Антонина смотрела на кольцо от люльки, ввинченное в смуглую матицу. На маленький обруч, сквозь который пронырнули, пронеслись три детские жизни. Выпорхнули из избы.
Фотиев слушал старуху, и лицо его выражало не сострадание, не жалость, а пристальное внимание, будто он вслушивался в себя самого. Да старуха и не жаловалась вовсе, а просто рассказывала, куда, в какую жизнь выпорхнули ее дети. Эта жизнь была их общей жизнью, они все в нее выпорхнули, и не стоило им жаловаться друг другу на эту общую долю. Вот что чувствовала Антонина, наблюдая Фотиева. Он был свой для всех. Все испытывали к нему доверие. Не жаловались, а рассказывали, доверялись ему. Как и сама она, Антонина.

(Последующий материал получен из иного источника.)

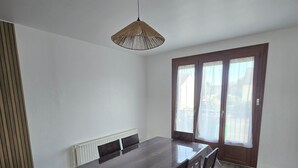 Et spiseområde med et træbord og stole, en hængende lampe samt udsigt gennem en glasdør.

— Много вы пережили, Полина Тимофеевна, — сказал Фотиев. — Матери наши много что пережили.
— Много, — согласилась она. — Меня немец два раза стрелять водил. А кто я была? Девчонка! Партизанам хлеб выносила. Маво дядю, Егора Даниловича, немец на ветле повесил. Вот она, ветла-то, жива, а сук, на котором Егор Данилыч висел, засох… Муж мой Антон Кузьмич с японского фронта без одного глаза явился. Поженились, скоро и второй глаз потух. От слепого детей родила. Была ему — и руки, и глаза. А ничего, хорошо прожили, дружно… Пережито много, нажито мало, — Она повела рукой по чугункам в печи, по цветку в консервной банке, по тряпичному половику. — Может, и хорошо, что мало. Все одно под воду уйдет. Вам на той стороне, на станции, жить, а нам тут тонуть.

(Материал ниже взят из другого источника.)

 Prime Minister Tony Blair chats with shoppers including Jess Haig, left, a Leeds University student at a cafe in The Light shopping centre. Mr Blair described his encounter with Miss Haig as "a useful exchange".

И сказала она без упрека, не виня их. явившихся с той стороны. Не было у нее осуждения, а только забота о внуках, о сыне, о своей непутевой дочке.

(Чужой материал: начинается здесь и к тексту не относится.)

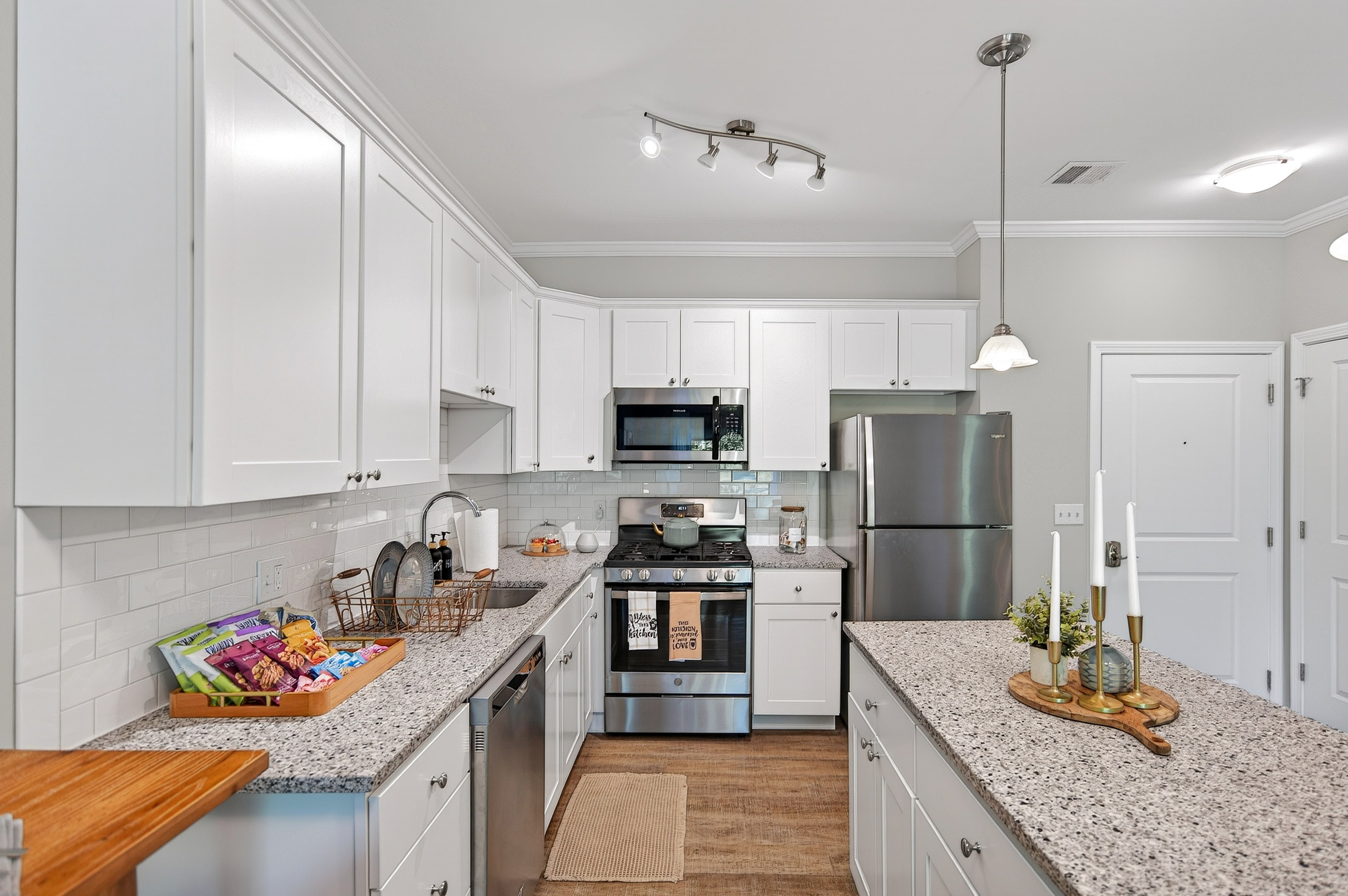 Modern kitchen with white cabinets, granite countertops, stainless steel appliances, and wooden floor.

— А что люди о станции говорят? — спросила Антонина. — Должно, бранят ее. Она виновата, что вас заливают.
— Кто и бранит, а кто говорит — хорошо. Хотят в Броды ехать, по-городскому жить. Разное говорят. Как ее начали строить, один старичок, печник, Иван Финогенович — помер пять лет назад, — говорил: «Ну, — говорит, — люди, смотрите. Немец нас не извел, а теперь свои возьмут изведут. Следите, — говорит, — скоро начнутся признаки, как нас изводить станут. И признаки все из воды». И правда, все признаки из воды пришли, а весной сама вода придет, и всему конец.